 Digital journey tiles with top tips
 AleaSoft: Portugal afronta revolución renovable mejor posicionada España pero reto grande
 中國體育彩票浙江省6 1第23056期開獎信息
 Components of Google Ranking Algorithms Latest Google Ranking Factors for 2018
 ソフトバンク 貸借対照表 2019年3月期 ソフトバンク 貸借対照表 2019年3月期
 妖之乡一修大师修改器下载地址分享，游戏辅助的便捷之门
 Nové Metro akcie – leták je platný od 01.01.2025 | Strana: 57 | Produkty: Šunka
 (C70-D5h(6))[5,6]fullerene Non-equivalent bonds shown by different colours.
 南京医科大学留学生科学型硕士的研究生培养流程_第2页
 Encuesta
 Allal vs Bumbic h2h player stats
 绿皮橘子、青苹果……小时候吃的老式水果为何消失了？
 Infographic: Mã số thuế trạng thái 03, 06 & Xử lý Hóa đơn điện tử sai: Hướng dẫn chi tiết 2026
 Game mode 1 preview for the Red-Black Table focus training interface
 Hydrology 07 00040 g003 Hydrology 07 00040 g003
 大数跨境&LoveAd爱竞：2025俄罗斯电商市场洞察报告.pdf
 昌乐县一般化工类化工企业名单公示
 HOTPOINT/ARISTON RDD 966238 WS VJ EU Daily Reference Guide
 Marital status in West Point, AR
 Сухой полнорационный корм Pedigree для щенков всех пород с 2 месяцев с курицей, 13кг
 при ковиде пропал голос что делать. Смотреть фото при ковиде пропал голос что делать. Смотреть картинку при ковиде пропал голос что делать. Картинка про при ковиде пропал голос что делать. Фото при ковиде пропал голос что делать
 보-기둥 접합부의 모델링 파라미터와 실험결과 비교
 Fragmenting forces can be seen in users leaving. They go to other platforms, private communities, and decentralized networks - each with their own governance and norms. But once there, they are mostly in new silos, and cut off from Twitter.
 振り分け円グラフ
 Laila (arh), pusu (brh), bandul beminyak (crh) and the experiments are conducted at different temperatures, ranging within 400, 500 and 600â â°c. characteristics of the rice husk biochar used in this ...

——

A faithful, word-for-word copy of the data is the expected answer.

 Digital journey tiles with top tips
 AleaSoft: Portugal afronta revolución renovable mejor posicionada España pero reto grande
 中國體育彩票浙江省6 1第23056期開獎信息
 Components of Google Ranking Algorithms Latest Google Ranking Factors for 2018
 ソフトバンク 貸借対照表 2019年3月期 ソフトバンク 貸借対照表 2019年3月期
 妖之乡一修大师修改器下载地址分享，游戏辅助的便捷之门
 Nové Metro akcie – leták je platný od 01.01.2025 | Strana: 57 | Produkty: Šunka
 (C70-D5h(6))[5,6]fullerene Non-equivalent bonds shown by different colours.
 南京医科大学留学生科学型硕士的研究生培养流程_第2页
 Encuesta
 Allal vs Bumbic h2h player stats
 绿皮橘子、青苹果……小时候吃的老式水果为何消失了？
 Infographic: Mã số thuế trạng thái 03, 06 & Xử lý Hóa đơn điện tử sai: Hướng dẫn chi tiết 2026
 Game mode 1 preview for the Red-Black Table focus training interface
 Hydrology 07 00040 g003 Hydrology 07 00040 g003
 大数跨境&LoveAd爱竞：2025俄罗斯电商市场洞察报告.pdf
 昌乐县一般化工类化工企业名单公示
 HOTPOINT/ARISTON RDD 966238 WS VJ EU Daily Reference Guide
 Marital status in West Point, AR
 Сухой полнорационный корм Pedigree для щенков всех пород с 2 месяцев с курицей, 13кг
 при ковиде пропал голос что делать. Смотреть фото при ковиде пропал голос что делать. Смотреть картинку при ковиде пропал голос что делать. Картинка про при ковиде пропал голос что делать. Фото при ковиде пропал голос что делать
 보-기둥 접합부의 모델링 파라미터와 실험결과 비교
 Fragmenting forces can be seen in users leaving. They go to other platforms, private communities, and decentralized networks - each with their own governance and norms. But once there, they are mostly in new silos, and cut off from Twitter.
 振り分け円グラフ
 Laila (arh), pusu (brh), bandul beminyak (crh) and the experiments are conducted at different temperatures, ranging within 400, 500 and 600â â°c. characteristics of the rice husk biochar used in this ...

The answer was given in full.